I was 7 when Martin Luther King Jr. was assassinated. My recollections of that day and the days after haunt me.
My family moved to suburban Washington, D.C., in March 1968, from Marquette, Mich., a small iron ore and college town on the shore of Lake Superior.
The 1968 that many of us experienced missed Marquette, which seemed stuck in 1948. It was and still is mostly white.
In Marquette, you would hear more about deer hunting than politics. The only black-skinned kid I remember at Fisher Elementary School was from Egypt.
I never heard the n-word in my house. My parents never would have considered themselves as being prejudiced. But I remember that we visited Washington in 1967 before moving there. In the car ride, my mother spoke of a planned King march on the Capitol. She was not happy, and worried about riots.
I spent second grade at Cora Kelly Elementary School in Alexandria, Va. My teacher was a white woman from the South. I had never heard a Southern accent.
The vast majority of the kids were African American. Most, it seemed, lived in apartments, as did I, or in dilapidated townhouses from the turn of the century. I was reading voraciously at age 7. Many of my new classmates couldn’t read.
I woke up on April 5, 1968, to find my mother in the front room with the small black-and-white television on, probably tuned to the “Today” show. She was smoking a Winston and drinking Maxwell House coffee, which was her habit.
“Martin Luther King is dead,” she said, not emotionally. He had been assassinated the evening before on a balcony at the Lorraine Motel in Memphis.
I walked to school that day and found many of the children crying.
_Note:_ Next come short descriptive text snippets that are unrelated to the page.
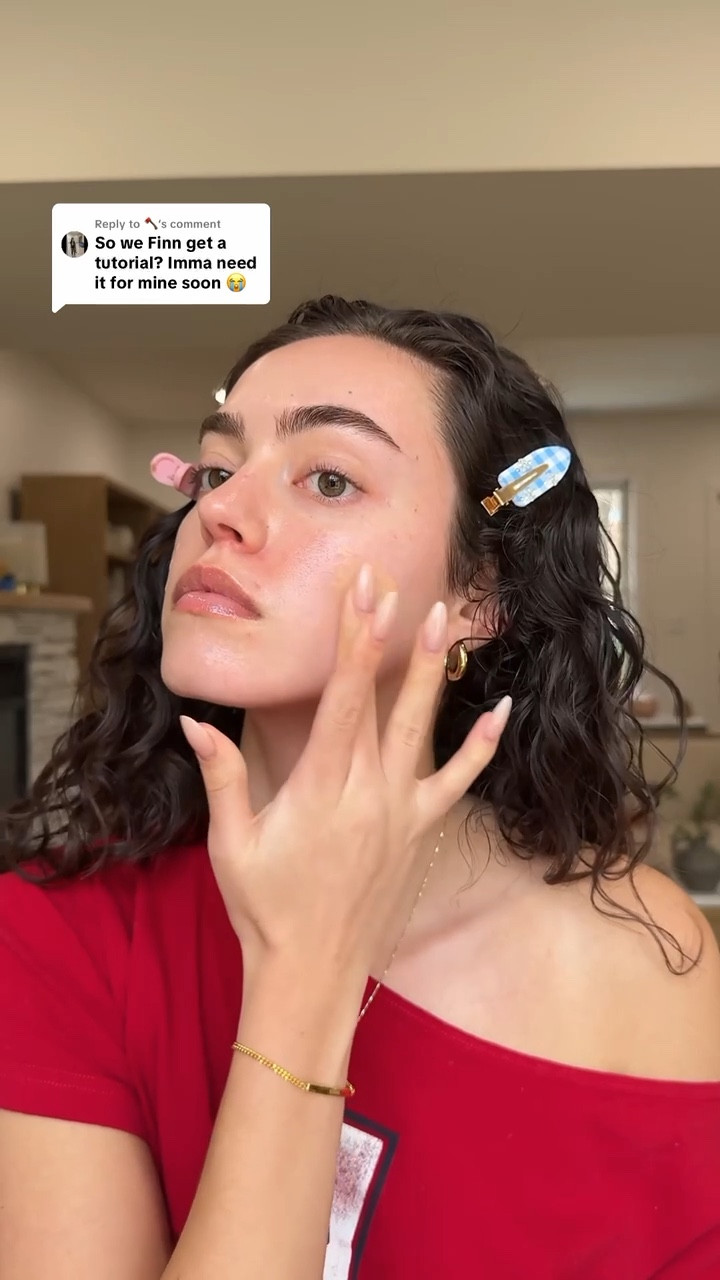 Wedding makeup part 3! 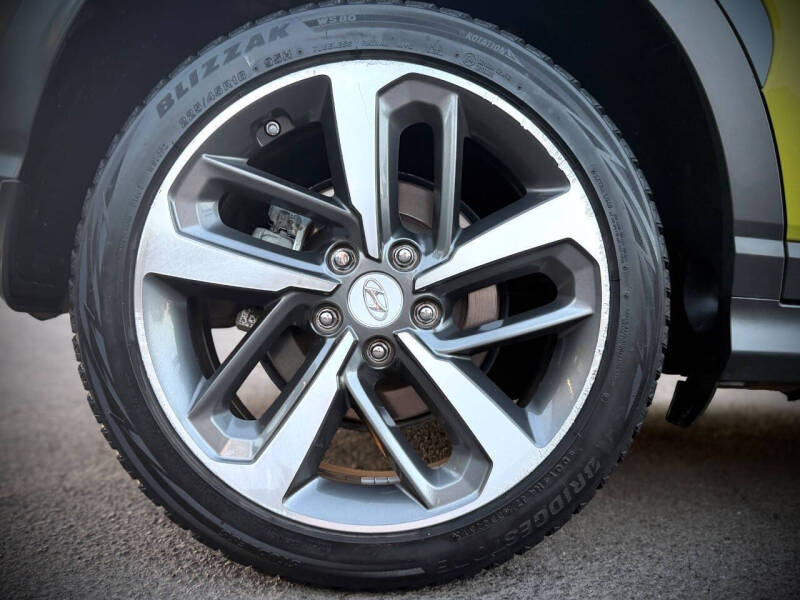 2019 Hyundai Kona Ultimate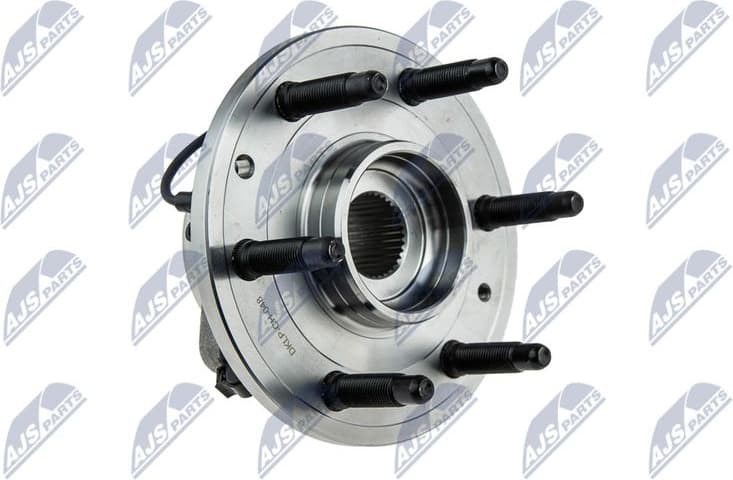 Wheel Bearing Kit KLP-CH-048 - image 2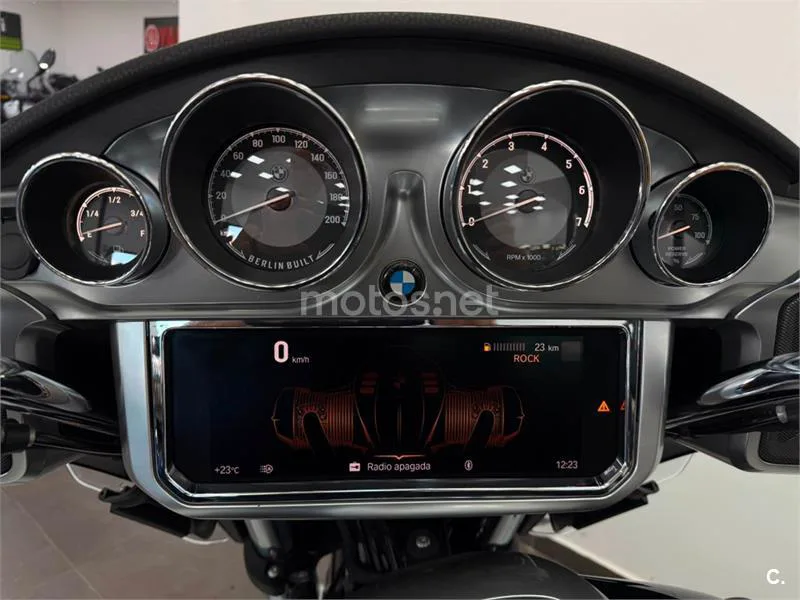 BMW R 18 – Vista 20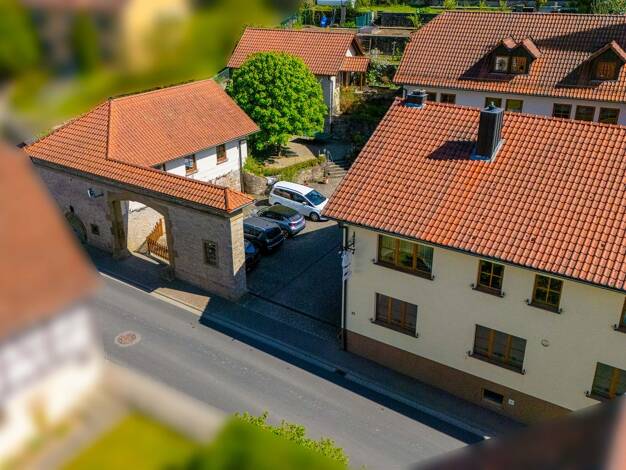 Mehrfamilienhaus zum Kauf 618.000 € 12 Zimmer 300,9 m² 1.535 m² Grundstück Hundsbach Eußenheim 97776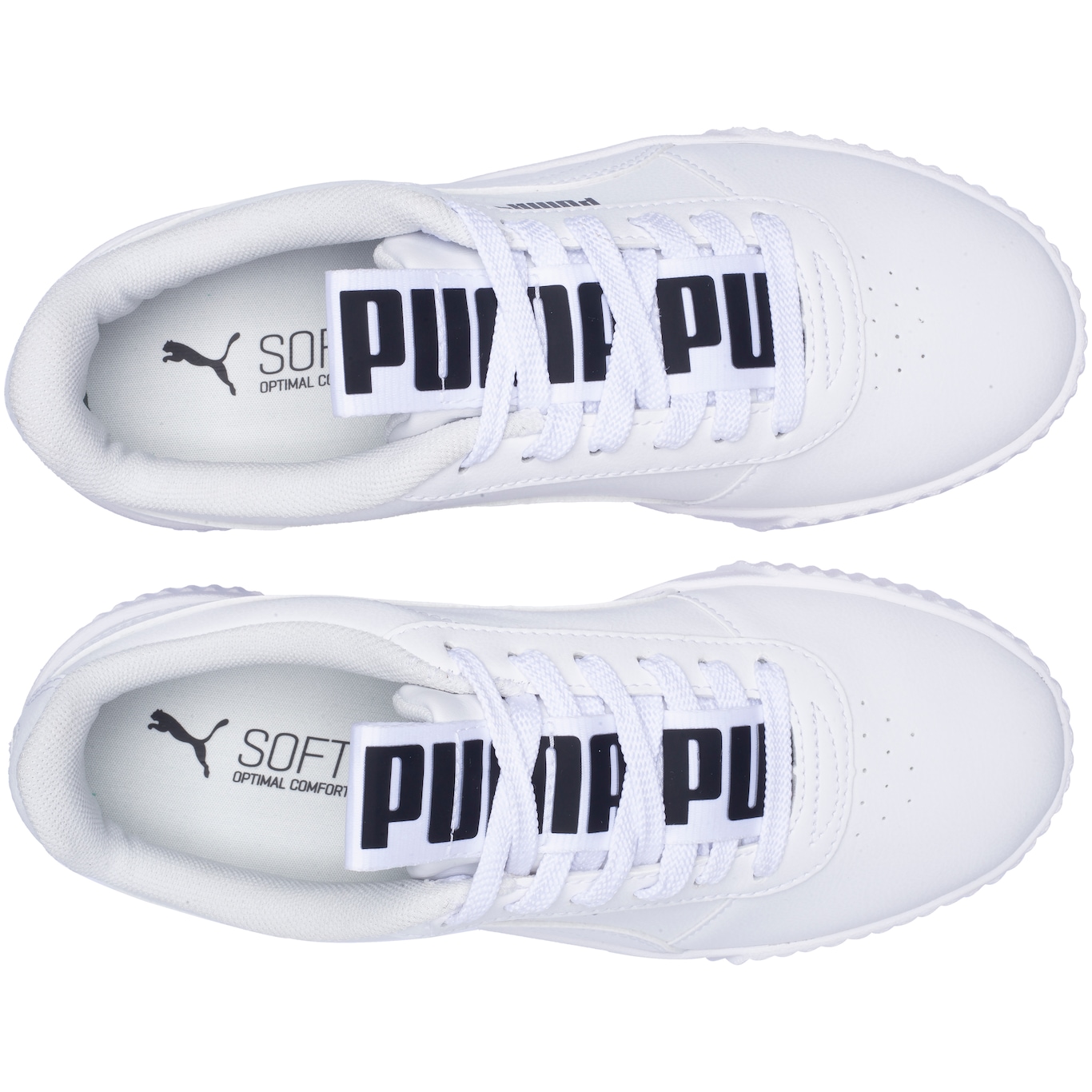 Tênis Puma Carina Bold BDP - Feminino - Foto 5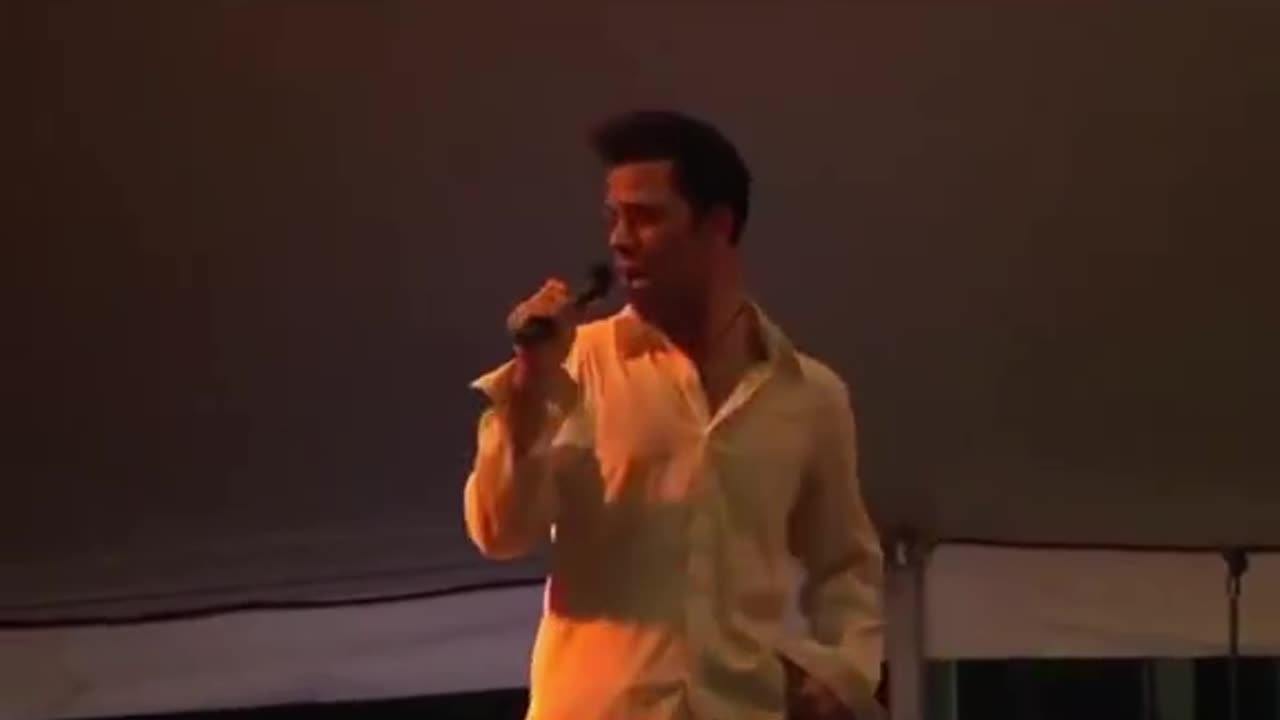 Matt Presley is the son of Elvis Presley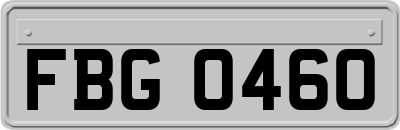 FBG0460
We were sent home early.
A few days later, my father took me up to Rosslyn, to an office building complex where he worked overlooking the District of Columbia.
Dozens of spires of gray and brown smoke from fires twisted into the sky above the largely African American neighborhoods.
I never heard him utter a racist word. But my father’s reaction was to take me to a gun shop, where he purchased a revolver, a Colt .38 special. I recall looking at the pistols in the glass case while he discussed the gun with the clerk.
He was hunter and a marksman in the U.S. Army. But that’s not why he bought this particular weapon.
He kept it under the front seat of his Chevy Impala wagon for years. I still have it, though I keep it locked away.
I recall driving with my parents by Resurrection City, the encampment of thousands of plywood shelters surrounding the reflecting pool on the Washington mall.
Look at them, my mother said. They’re wearing suits and driving Cadillacs.
We have a president whose father was black, whose mother was white, and whose grandfather marched in Patton’s army. But in some ways, racist thinking persists. You don’t have to look far; read the comments section on any news site, or listen to some political candidates. It’s there.
On this King holiday, honor Dr. King. But, more importantly, think about how we can overcome. We haven’t done that quite yet.